*HOW TO COMPLETE THIS TASK:* Keep each entry exactly as written when you repeat it, and skip the images.

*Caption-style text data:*

━━━━━━

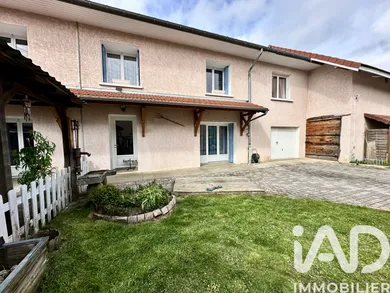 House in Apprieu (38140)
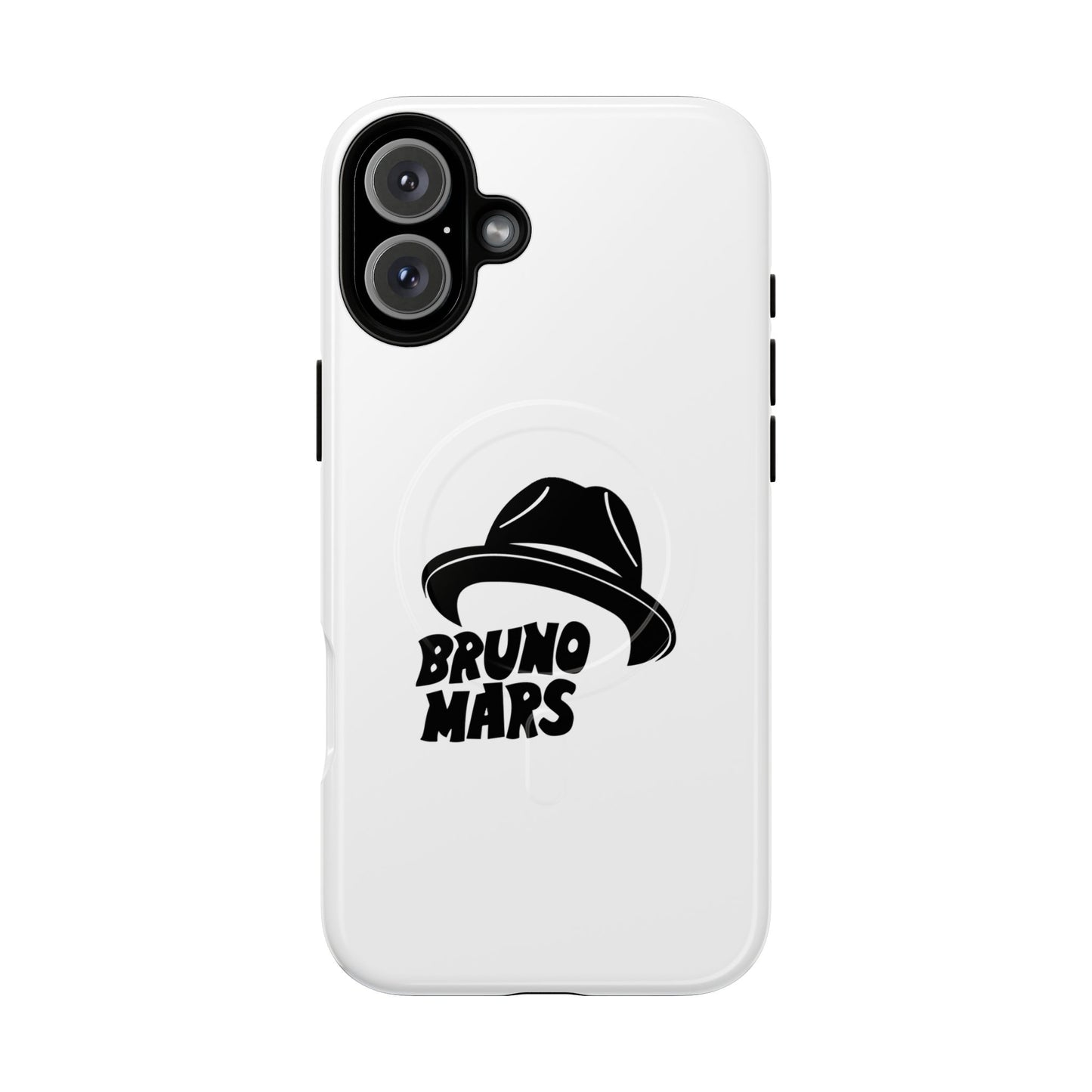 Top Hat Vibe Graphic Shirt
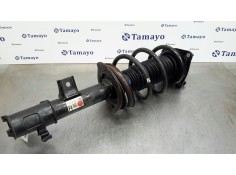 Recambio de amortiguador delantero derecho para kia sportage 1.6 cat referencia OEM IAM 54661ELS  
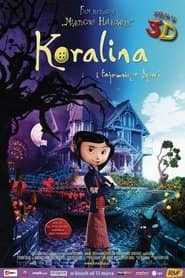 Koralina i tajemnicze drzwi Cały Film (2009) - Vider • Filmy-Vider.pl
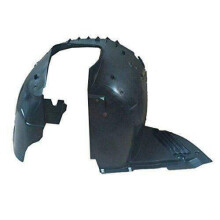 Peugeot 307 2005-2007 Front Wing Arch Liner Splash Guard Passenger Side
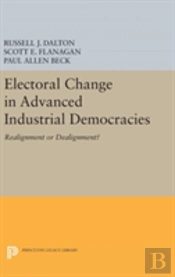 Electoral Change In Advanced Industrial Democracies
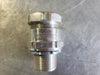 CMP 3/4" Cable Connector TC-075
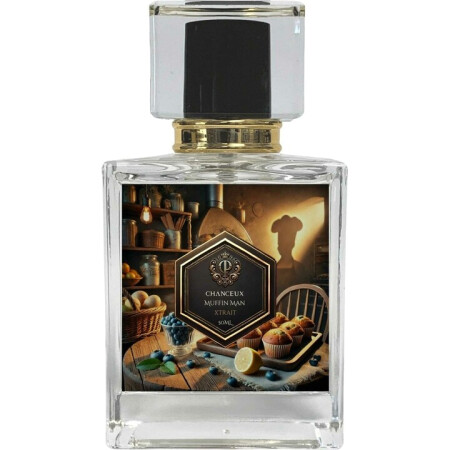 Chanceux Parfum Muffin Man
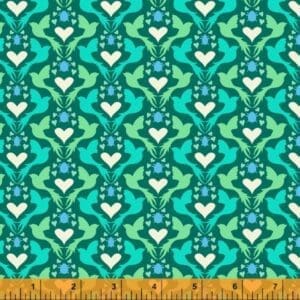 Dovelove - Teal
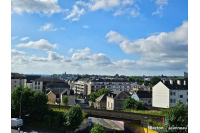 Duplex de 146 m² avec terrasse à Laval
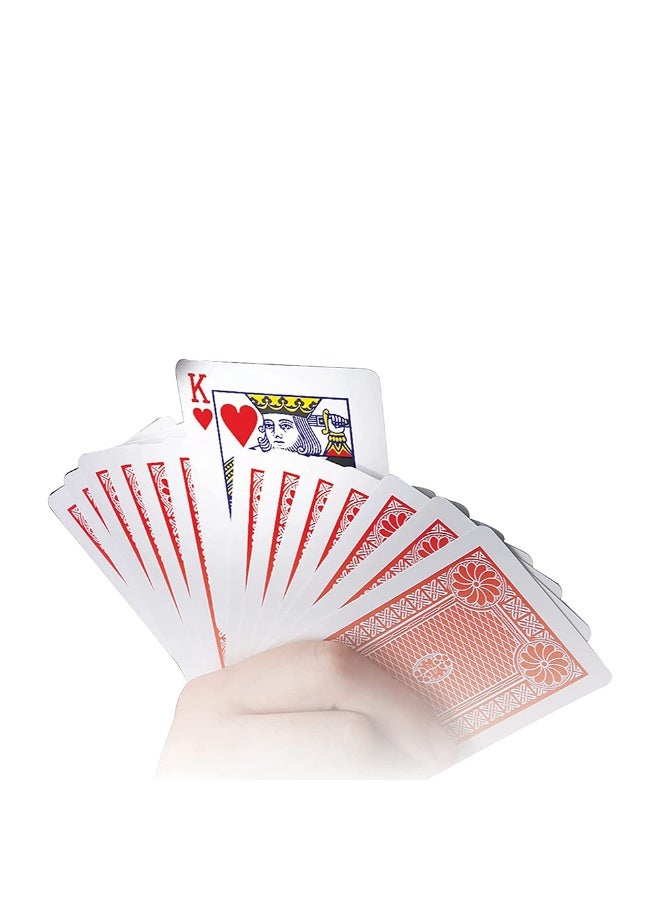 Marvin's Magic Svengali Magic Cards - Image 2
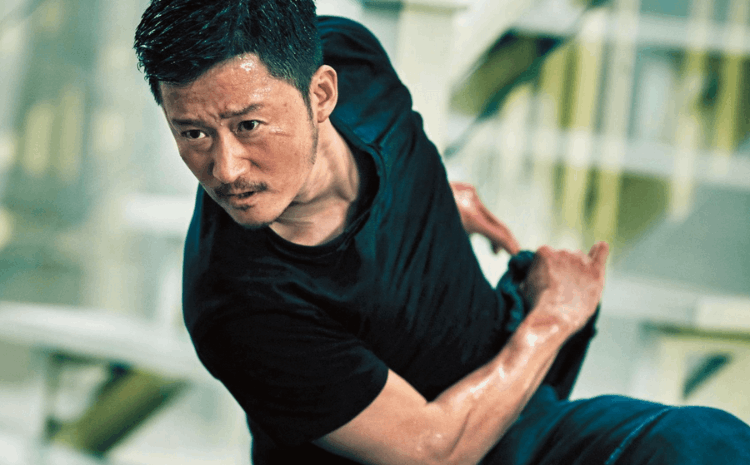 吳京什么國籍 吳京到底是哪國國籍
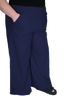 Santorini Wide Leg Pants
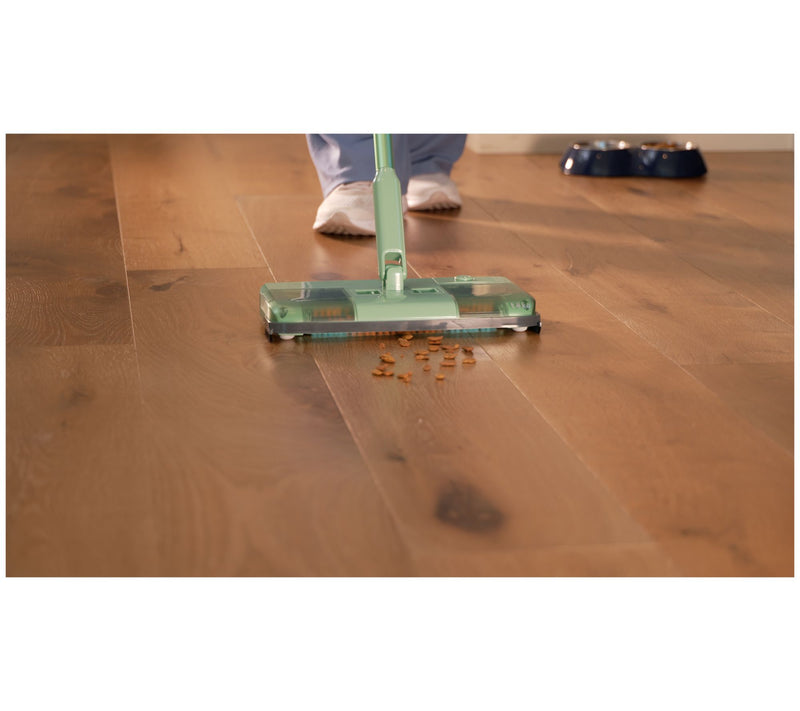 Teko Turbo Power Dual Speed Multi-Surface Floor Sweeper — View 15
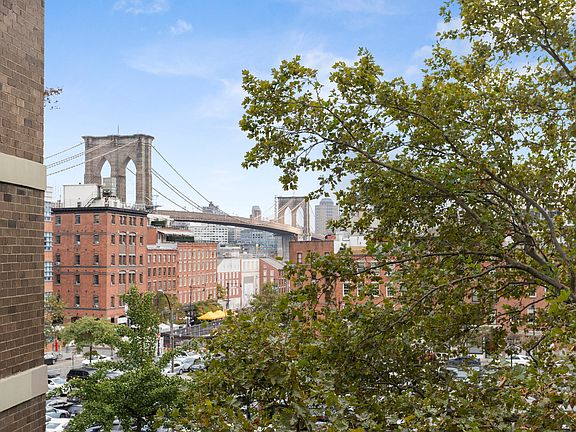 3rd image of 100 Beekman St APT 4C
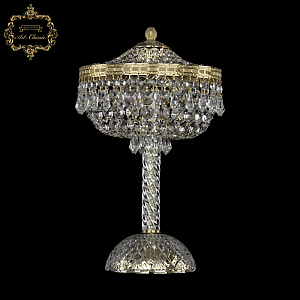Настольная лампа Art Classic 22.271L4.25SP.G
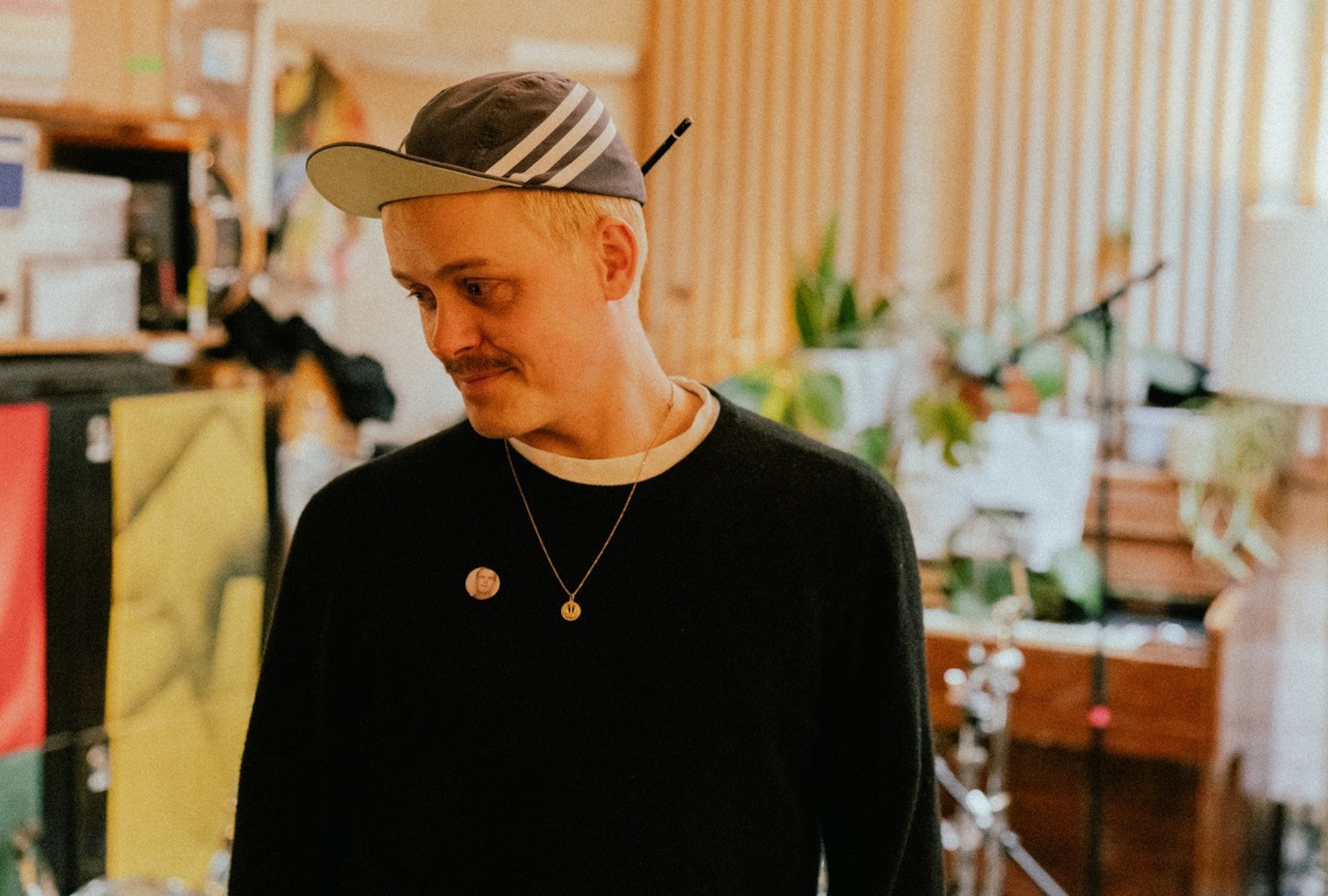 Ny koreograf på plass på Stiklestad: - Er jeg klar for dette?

━━━━━━

*ANSWER FOR THIS EXERCISE:*
 House in Apprieu (38140)
 Top Hat Vibe Graphic Shirt
 Recambio de amortiguador delantero derecho para kia sportage 1.6 cat referencia OEM IAM 54661ELS  
 Koralina i tajemnicze drzwi Cały Film (2009) - Vider • Filmy-Vider.pl
 Peugeot 307 2005-2007 Front Wing Arch Liner Splash Guard Passenger Side
 Electoral Change In Advanced Industrial Democracies
 CMP 3/4" Cable Connector TC-075
 Chanceux Parfum Muffin Man
 Dovelove - Teal
 Duplex de 146 m² avec terrasse à Laval
 Marvin's Magic Svengali Magic Cards - Image 2
 吳京什么國籍 吳京到底是哪國國籍
 Santorini Wide Leg Pants
 Teko Turbo Power Dual Speed Multi-Surface Floor Sweeper — View 15
 3rd image of 100 Beekman St APT 4C
Настольная лампа Art Classic 22.271L4.25SP.G
 Ny koreograf på plass på Stiklestad: - Er jeg klar for dette?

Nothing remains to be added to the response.